Pantasks Controller Interactions

(Up to the IPP Description Page)

Pantasks interacts with a parallel job manager. The current version is 'pcontrol', but we would like to allow interactions with condor as well. This file documents the pantasks / controller interactions and the requirements for implementing a condor (or other) interface.

Some terminology

  • controller : the abstract concept of the software or system which manages parallel jobs for pantasks.
  • pcontrol : the default (Ohana-native) controller implementation

Pantasks Controller Commands

The following commands are available within the pantasks shell to send commands to the controller. Within the pantasks shell, these are invoked with "controller (command) [options]". When running the pcontrol shell on its own, these commands are called directly.

check job (jobID)

check on the status of a single job. the jobID is an integer value1. The return is a block of information giving the status and some other infomation.

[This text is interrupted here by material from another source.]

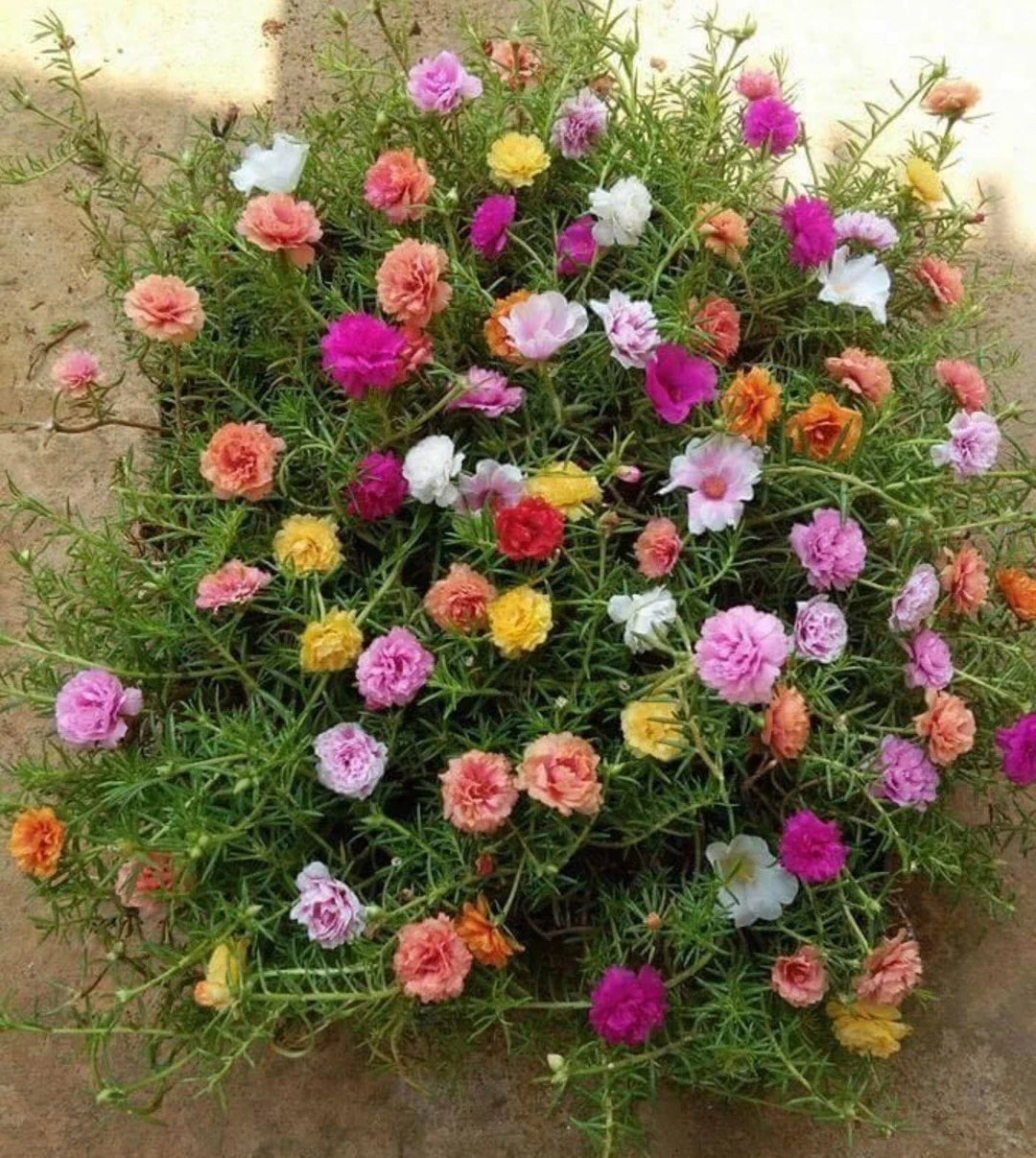 mixed moss flower seeds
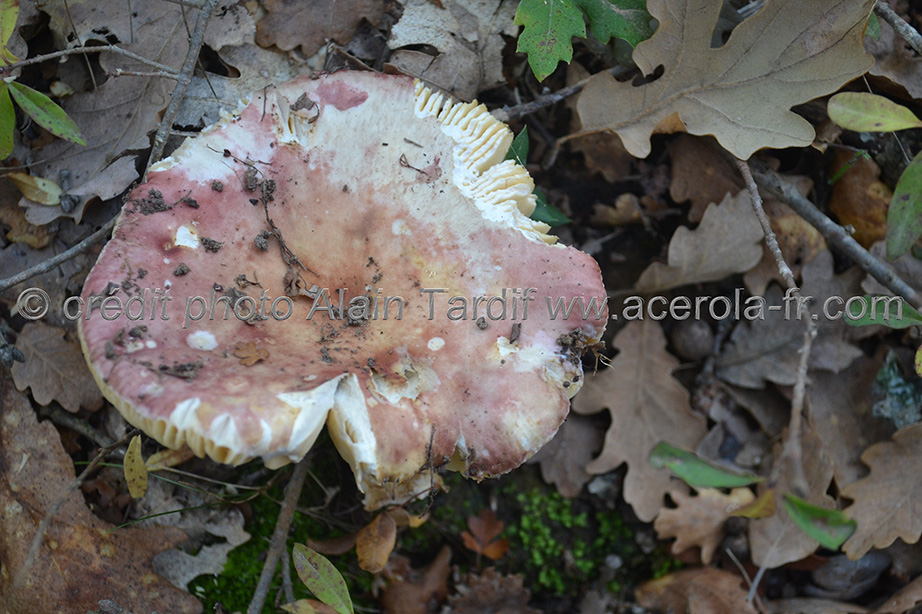 Russula laeta Russula laeta - russule gaie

For 'job', the return is of the form:

STATUS (status)
EXITST (Nexit)
STDOUT (Nbytes)
STDERR (Nbytes)
DTIME  (elapsed time)

where

  • (status) is one of PENDING, BUSY, DONE, EXIT, CRASH
  • (Nexit) is the exit status of the command (ie, as if it were run on the UNIX command line).
  • (Nbytes) is the size of the standard out and standard error buffers from the job
  • (elapsed time) is the number of seconds it took to run the command; this is only set on exit.

check host (hostID)

check on the status of a single job or host. the jobID or hostID is an integer value1. The return is a block of information giving the status and some other infomation.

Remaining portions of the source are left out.